- [INPUT DATA]

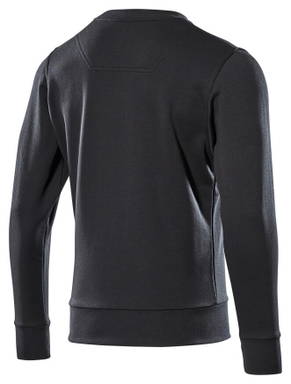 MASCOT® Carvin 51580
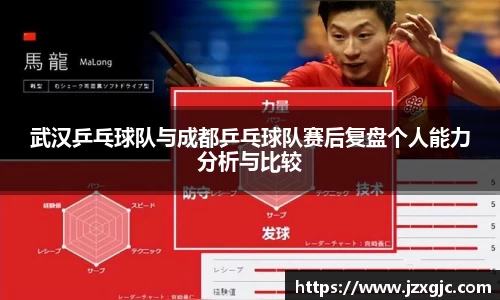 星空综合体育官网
==
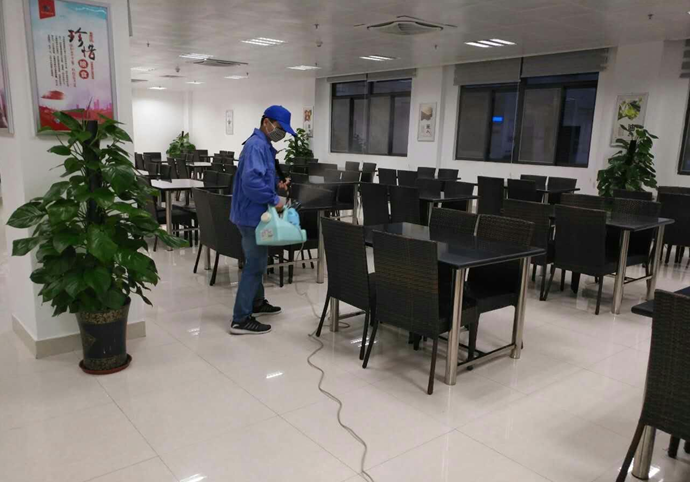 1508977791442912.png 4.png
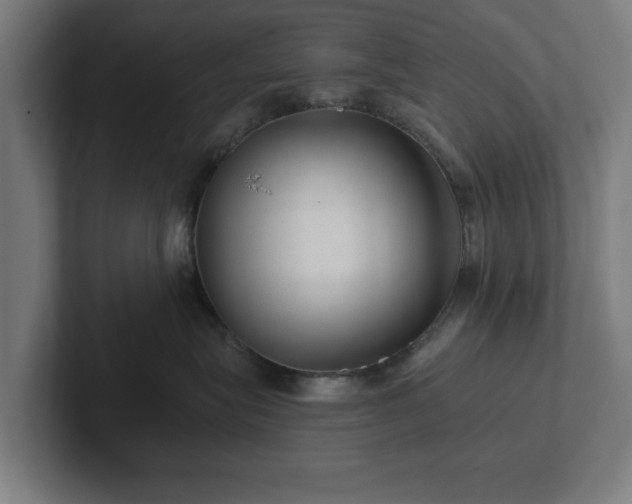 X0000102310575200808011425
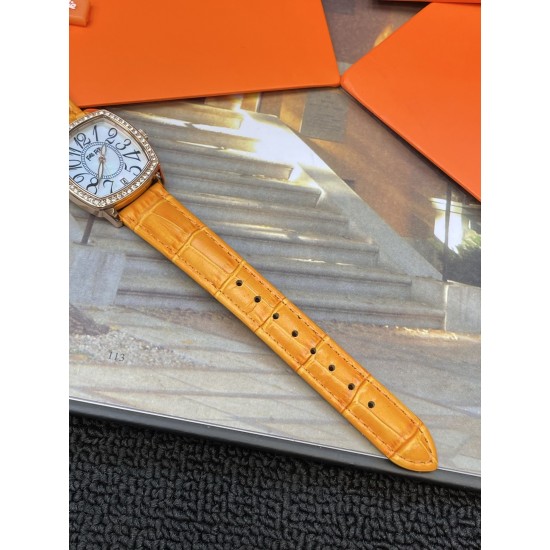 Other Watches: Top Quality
---
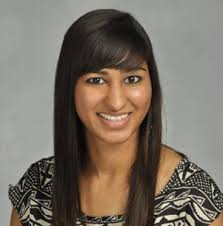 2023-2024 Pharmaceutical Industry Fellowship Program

- [WHAT TO WORK ON]
Because only one stretch of the records is wanted, please output the lines from the one holding "1508977791442912.png 4.png" through the one holding "Other Watches: Top Quality" exactly, both included, and leave every picture out.

- [SOLUTION TO THIS TASK]
 1508977791442912.png 4.png
 X0000102310575200808011425
 Other Watches: Top Quality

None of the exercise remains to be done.